At the same time, Purdy Crawford, the man in charge of cobbling together a plan to rescue Canadian holders of frozen non-bank ABCP, got a rough ride from retail investors who seem inclined to take their chances in court rather than get a portion of their money back now or wait seven years for full restitution.

So far there have been two general sentiments about the whole financial mess. A number of people feel financial institutions should not be bailed out by governments with taxpayer money for participating in, and in some cases creating, what has resulted in the worst housing and financial crisis in decades. At the same time, many observers feel people should have to live by the rule "Investor Beware," whether they are homebuyers who took on mortgages they knew they couldn't pay off, or people who invested in asset-backed vehicles they didn't understand.

I have as little sympathy for homeowners who were lured by low "teaser" mortgage rates as I do for people who buy a houseful of furniture and "make no payments for a year," then have their sofa set repossessed. However, I do feel for investors who trusted the advisers at their financial institutions, salespeople who said and perhaps even believed that ABCP was as solid an investment as a high-yield bond.

Many people write asking advice about various investments advertised in newspapers, on radio, or touted by cab drivers and brothers-in-law.

Many of these investment tips come with enough red flags that the usual caveat "if it seems too good to be true, it probably is," sounds enough of a warning bell.

But our financial institutions should be held to standards above those of people outside the industry. That isn't to say banks should have to hit clients over the head with warnings that shares in the New Sarepta Tire and Girdle Factory -- with apologies to my former colleague and cartoonist John Yardley Jones -- could go down in value and even become worthless. But if a banker can't explain an investment instrument with more clarity than the infield fly rule in baseball, it probably shouldn't be offered to retail investors.

The resounding complaints at Purdy Crawford's public gathering this week were not only that the proposed plan to rescue non-bank ABCP would cost members of the Retail Customers' Group much of their retirement savings, but also that his committee's plan was way too complicated to understand.

Years ago I questioned the wisdom of many hedge funds, citing their lack of transparency and convoluted use of derivatives, but their high minimum investment requirements kept most everyday investors safely away. I was repeatedly told by banks that derivatives were valuable catalysts of liquidity needed to keep financial markets flowing and accessible.

But with no system to publicly track and expose the movement of assets, you wound up with something like Portus Asset Management, where money from investors mysteriously became diamonds in the hands of a fund manager.

In recent weeks, we've heard from people who unwittingly parked money from the sale of one house into non-bank ABCP while awaiting purchase of another house, only to have assets frozen.

If one sensed a twinge of greed behind their investment motives, perhaps if they seemed willing to risk having their children go without shoes while mom and dad tried to win the lottery, they would receive little sympathy.

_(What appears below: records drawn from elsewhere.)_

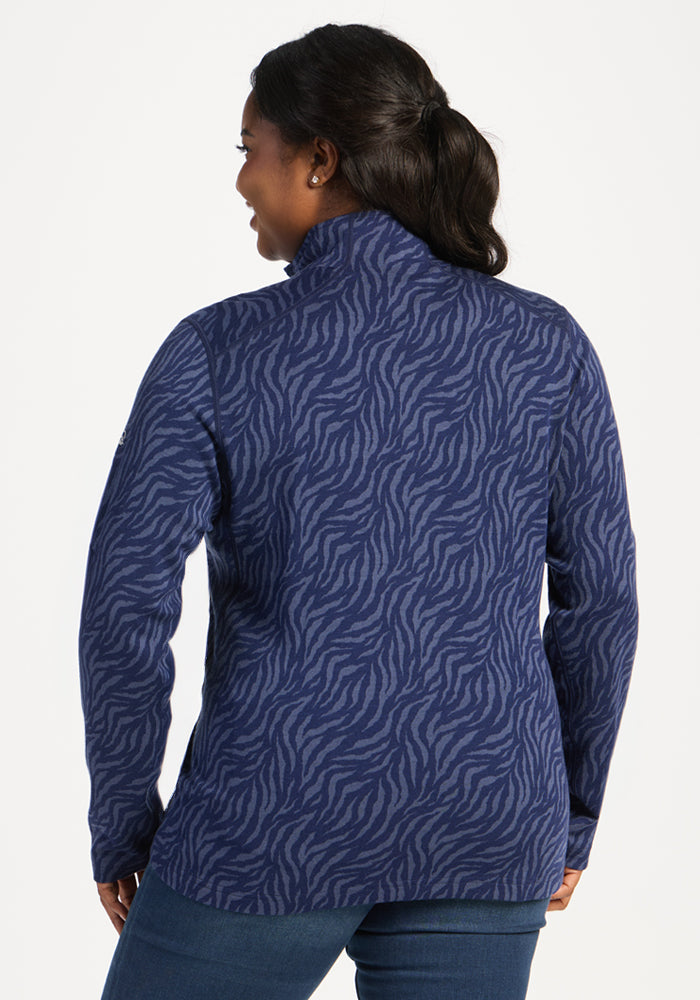 Woman in ponytail wears Woolx Emi 1/4 Zip - Midnight Safari jacket over jeans, facing away.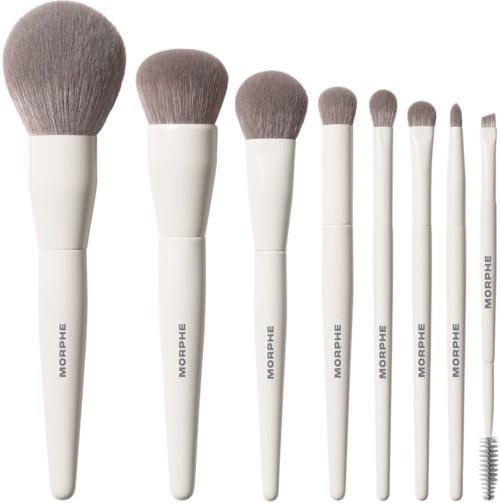 Sæt med otte hvide makeupbørster med grå spidser, arrangeret efter størrelse fra størst til mindst.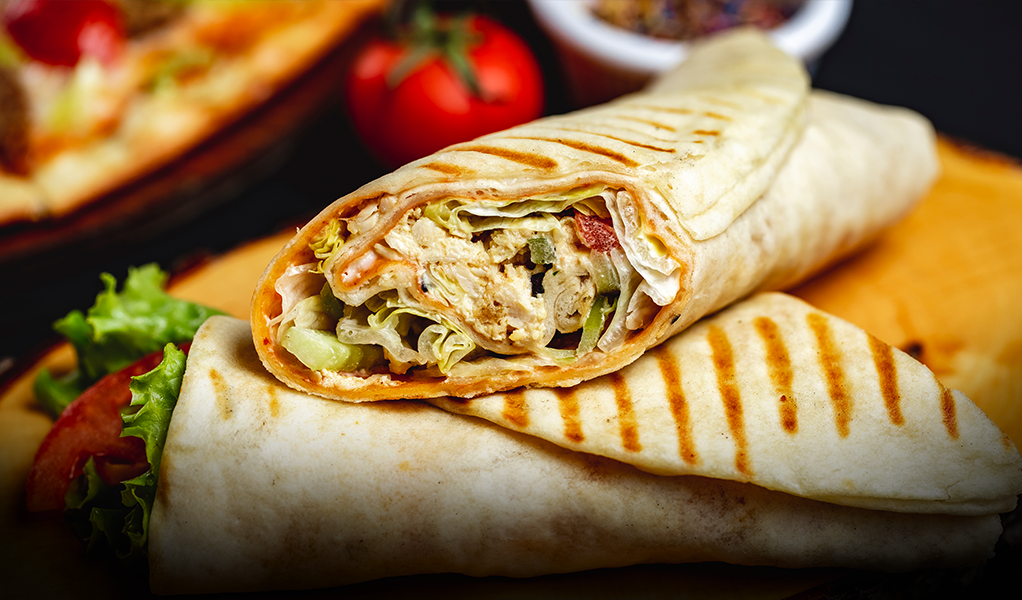 Grilled chicken wraps with lettuce, tomato, and sauce, on a wooden surface.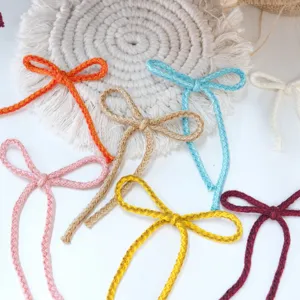 Close-up detail shot of colorful braided cotton rope bows, perfect for Christmas tree decor.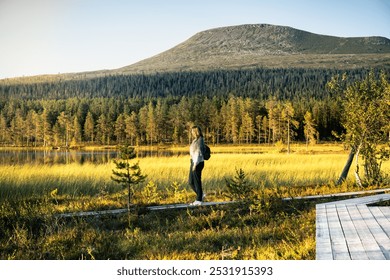 Woman walking on a wooden path beside a serene lake in the Idre wetlands, with the majestic Mount Städjan rising in the background during the golden hour of summer in Dalarna Sweden - Powered by Shutterstock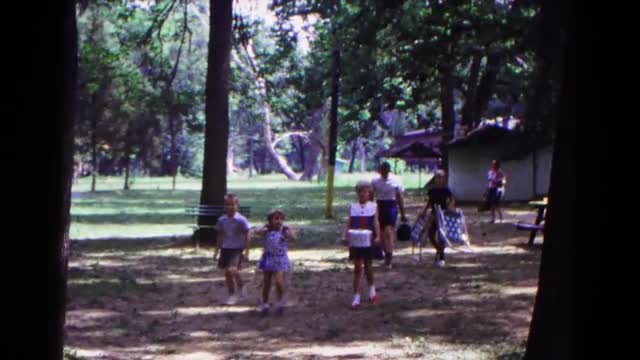 1963: a family arriving at a park with chairs, food and blankets to have a picnic. COLD SPRINGS, NEW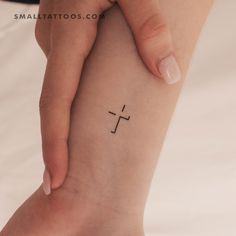 a woman's foot with a small cross tattoo on the left side of her arm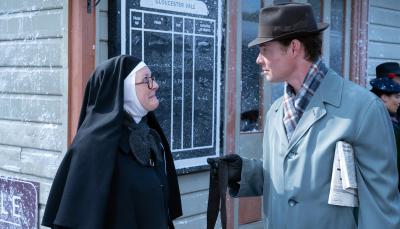 Lorna Watson as Sister Boniface and Max Brown as DI Sam Gillespie consult in the snow in 'Sister Boniface Mysteries' Season 3 Christmas Special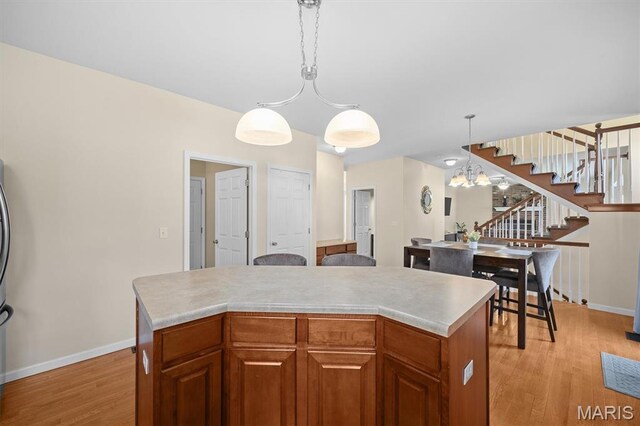 6817 Dunhill Dr, Fairview Heights, IL 62208 - kitchen with light wood-type flooring, a kitchen island, a chandelier, and light countertops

Or if these investment offers came from a flyer in the mail addressed to "occupant" or an e-mail message from Nigeria requesting the number of a bank account in which to deposit lottery winnings, you would shake your head at the lack of due diligence.

But the optics in this case is that good people placed trust in a product unfit for public consumption, not unlike tainted blood transfusions or poisoned pet food or toys with lead.

The normal course would be to get the product off the shelf, put in checks and balances to make sure another like it cannot appear again, and have the offending parties compensate the victims.

The problem here is that some unwitting larger parties passed the tainted goods to unwitting smaller parties, like Canaccord Capital and Credential Securities, who can't afford to fully compensate their victims. In the meantime, nothing's being done to keep another tainted product from going on the shelves.